Orang rimba di Jambi sering juga disebut sebagai Suku Anak Dalam (SAD). Sebutan orang rimba menjadi SAD ini disematkan oleh pemerintah mulai tahun 1970.

Survei terbaru yang dilakukan KKI Warsi menyebutkan, jumlah populasi orang rimba mencapai 6.000 jiwa. Jumlah tersebut tersebar di beberapa kabupaten di wilayah Provinsi Jambi.

Di Provinsi Jambi, orang rimba tergabung dalam masing-masing kelompok yang biasanya dipimpin oleh seorang tumenggung. Setiap populasi orang rimba selalu terdapat kelompok anak-anak, satu ibu rata-rata memiliki anak di atas lima.

Kini alih fungsi hutan yang begitu masif menjadi korporasi perkebunan kelapa sawit membuat kelompok orang rimba semakin kesulitan mencari sumber pangan.
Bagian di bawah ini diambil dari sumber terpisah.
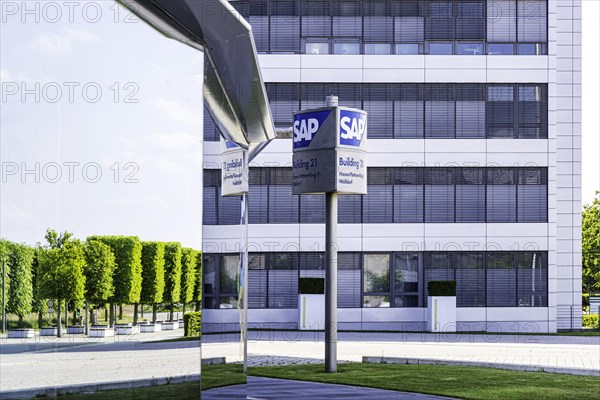 Headquarters of the company SAP with logo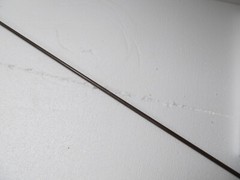 VINTAGE 49″ SOLID RIFLE CLEANING ROD Brass Tip and Sliding Ring, Wood Handle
Luas kawasan hutan di Jambi tersisa 900 ribu hektare atau 17 persen dari total luasan provinsi ini.

Semakin berkurangnya luas kawasan hutan tersebut, juga membuat orang rimba tergusur. Orang rimba masih sulit mengakses akses kesehatan dan dibayangi kemiskinan.

Menurut Direktur KKI Warsi Rudi Syaf, dari jumlah populasi orang rimba saat ini sekitar 99 persen hidup dalam kondisi miskin. Selain tinggal di sekitar kawasan hutan, orang rimba juga hidup secara semi nomaden di sepanjang jalan lintas tengah Sumatra, Jambi.

"Mau pakai ukuran atau paramater apapun, orang rimba itu adalah kelompok masyarakat yang paling miskin dan rentan," kata Rudi Syaf dalam kesempatan sebelumnya.